**EXERCISE INSTRUCTIONS**
Find the word "simply" in the records below. List each line containing it.

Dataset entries

▬▬▬▬▬▬▬▬▬▬

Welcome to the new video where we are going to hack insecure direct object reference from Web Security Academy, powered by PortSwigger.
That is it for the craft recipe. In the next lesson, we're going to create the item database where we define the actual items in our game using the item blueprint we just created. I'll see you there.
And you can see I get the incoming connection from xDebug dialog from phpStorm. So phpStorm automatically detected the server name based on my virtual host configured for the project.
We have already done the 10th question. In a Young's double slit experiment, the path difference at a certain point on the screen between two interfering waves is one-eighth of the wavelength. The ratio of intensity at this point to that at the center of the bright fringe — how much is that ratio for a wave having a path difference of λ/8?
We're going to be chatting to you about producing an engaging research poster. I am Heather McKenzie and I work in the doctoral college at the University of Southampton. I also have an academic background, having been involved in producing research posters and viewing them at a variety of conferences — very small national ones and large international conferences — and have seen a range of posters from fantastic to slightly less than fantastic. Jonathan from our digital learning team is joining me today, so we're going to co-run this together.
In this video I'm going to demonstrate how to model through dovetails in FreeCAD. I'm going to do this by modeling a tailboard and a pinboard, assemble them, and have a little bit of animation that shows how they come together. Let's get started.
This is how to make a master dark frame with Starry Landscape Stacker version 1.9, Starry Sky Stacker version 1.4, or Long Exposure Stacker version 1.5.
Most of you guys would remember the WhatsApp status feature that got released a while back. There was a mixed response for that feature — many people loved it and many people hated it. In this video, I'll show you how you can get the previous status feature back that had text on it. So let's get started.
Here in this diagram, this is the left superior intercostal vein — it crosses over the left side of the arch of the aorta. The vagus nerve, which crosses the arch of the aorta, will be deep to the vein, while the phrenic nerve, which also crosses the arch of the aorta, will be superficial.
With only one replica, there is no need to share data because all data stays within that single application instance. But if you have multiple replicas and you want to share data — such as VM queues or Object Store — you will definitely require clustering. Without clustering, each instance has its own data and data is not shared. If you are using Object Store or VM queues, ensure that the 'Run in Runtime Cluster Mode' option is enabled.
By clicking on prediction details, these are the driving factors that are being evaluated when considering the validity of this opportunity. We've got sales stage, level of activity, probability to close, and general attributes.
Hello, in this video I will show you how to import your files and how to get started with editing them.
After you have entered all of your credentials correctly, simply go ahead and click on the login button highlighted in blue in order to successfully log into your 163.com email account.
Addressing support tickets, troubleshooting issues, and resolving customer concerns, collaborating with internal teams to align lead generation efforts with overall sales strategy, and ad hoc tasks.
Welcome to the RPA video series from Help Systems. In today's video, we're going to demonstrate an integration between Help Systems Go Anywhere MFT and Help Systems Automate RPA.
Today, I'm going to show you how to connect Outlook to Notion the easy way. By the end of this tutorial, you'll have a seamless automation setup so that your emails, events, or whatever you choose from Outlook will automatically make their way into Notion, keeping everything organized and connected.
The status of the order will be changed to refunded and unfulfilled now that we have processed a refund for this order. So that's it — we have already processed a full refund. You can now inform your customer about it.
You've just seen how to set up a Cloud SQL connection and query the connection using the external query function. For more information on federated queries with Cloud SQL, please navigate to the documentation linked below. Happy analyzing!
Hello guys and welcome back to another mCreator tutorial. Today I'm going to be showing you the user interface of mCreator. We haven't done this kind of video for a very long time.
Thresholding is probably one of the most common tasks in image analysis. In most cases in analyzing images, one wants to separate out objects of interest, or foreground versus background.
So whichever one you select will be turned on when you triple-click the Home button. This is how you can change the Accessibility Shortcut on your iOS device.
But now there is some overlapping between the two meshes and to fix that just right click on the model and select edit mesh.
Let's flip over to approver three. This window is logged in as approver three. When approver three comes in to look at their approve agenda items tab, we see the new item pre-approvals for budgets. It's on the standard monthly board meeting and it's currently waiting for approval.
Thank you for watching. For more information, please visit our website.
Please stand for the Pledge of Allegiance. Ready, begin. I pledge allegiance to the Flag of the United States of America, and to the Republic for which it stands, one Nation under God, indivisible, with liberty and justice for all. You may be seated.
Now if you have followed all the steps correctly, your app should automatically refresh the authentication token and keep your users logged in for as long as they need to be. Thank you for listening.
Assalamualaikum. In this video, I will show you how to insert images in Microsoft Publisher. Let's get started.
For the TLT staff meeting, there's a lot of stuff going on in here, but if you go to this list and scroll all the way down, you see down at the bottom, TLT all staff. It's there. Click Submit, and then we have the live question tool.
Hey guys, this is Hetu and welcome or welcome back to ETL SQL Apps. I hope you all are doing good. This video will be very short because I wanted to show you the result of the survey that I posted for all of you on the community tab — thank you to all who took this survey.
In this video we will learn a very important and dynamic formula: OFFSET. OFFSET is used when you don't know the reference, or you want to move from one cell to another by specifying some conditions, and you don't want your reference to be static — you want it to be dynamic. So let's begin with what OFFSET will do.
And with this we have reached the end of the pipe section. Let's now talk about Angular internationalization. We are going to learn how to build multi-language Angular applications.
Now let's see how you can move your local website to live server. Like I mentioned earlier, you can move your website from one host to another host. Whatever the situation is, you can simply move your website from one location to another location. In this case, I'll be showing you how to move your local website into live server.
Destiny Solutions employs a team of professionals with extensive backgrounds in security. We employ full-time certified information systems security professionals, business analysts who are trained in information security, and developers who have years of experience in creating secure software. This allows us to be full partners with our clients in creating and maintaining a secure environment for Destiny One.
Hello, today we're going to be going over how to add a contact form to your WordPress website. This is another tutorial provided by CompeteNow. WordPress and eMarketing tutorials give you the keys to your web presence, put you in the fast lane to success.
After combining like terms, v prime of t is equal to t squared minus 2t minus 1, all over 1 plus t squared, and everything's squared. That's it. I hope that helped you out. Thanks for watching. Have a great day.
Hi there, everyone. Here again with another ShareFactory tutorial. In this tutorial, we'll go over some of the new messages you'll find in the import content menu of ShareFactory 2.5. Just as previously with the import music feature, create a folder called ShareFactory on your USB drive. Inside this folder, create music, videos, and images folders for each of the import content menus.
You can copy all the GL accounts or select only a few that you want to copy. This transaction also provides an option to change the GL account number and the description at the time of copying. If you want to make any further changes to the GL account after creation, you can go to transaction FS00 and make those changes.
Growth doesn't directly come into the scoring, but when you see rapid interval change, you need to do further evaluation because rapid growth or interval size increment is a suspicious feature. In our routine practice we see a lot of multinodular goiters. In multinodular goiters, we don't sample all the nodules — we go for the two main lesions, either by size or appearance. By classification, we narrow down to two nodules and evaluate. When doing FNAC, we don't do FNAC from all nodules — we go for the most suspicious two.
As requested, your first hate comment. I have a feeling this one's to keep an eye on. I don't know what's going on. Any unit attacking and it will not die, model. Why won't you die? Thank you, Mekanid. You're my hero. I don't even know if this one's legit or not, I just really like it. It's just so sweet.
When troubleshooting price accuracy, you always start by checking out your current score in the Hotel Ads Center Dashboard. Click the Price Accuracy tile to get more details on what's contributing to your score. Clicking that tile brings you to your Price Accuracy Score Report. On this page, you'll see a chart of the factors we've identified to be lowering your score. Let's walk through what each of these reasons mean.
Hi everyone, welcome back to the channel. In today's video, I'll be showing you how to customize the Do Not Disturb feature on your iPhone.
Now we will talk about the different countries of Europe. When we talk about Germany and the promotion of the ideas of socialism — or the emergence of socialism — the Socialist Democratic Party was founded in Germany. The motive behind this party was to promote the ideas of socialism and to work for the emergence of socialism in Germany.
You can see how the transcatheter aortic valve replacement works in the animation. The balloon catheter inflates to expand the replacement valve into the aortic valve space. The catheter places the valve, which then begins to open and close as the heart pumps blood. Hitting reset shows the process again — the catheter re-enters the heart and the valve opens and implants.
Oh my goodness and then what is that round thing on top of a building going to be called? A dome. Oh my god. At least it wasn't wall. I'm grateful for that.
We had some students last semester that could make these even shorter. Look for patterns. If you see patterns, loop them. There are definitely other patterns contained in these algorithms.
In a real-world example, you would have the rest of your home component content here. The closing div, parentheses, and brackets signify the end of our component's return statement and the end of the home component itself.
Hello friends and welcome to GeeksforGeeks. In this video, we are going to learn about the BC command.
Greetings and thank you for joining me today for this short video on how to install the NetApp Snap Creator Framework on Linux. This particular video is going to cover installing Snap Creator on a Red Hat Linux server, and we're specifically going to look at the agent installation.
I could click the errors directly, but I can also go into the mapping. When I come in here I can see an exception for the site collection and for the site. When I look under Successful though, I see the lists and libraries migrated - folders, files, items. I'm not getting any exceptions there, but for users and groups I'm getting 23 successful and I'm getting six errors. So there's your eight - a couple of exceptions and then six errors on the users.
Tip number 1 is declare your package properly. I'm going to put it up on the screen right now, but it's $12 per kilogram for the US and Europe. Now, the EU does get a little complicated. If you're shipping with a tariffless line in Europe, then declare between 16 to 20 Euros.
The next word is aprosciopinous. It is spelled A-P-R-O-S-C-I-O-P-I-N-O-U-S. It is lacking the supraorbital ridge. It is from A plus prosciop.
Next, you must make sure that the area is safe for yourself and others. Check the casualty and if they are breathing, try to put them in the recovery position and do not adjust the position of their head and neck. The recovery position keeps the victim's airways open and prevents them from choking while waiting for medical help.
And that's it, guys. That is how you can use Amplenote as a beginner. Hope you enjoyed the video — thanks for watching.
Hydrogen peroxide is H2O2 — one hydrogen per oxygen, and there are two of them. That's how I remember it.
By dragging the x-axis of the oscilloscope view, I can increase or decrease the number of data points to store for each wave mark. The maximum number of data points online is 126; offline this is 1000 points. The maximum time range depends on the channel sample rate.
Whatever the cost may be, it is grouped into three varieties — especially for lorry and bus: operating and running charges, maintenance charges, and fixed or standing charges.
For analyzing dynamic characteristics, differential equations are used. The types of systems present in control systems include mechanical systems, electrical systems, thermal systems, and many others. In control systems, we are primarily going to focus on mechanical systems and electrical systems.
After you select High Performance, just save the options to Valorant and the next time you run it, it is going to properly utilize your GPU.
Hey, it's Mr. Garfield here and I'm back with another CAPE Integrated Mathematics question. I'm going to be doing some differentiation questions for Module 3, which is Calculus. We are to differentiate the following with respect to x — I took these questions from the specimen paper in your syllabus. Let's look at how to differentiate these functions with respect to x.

▬▬▬▬▬▬▬▬▬▬

**OUTPUT**
After you have entered all of your credentials correctly, simply go ahead and click on the login button highlighted in blue in order to successfully log into your 163.com email account.
Now let's see how you can move your local website to live server. Like I mentioned earlier, you can move your website from one host to another host. Whatever the situation is, you can simply move your website from one location to another location. In this case, I'll be showing you how to move your local website into live server.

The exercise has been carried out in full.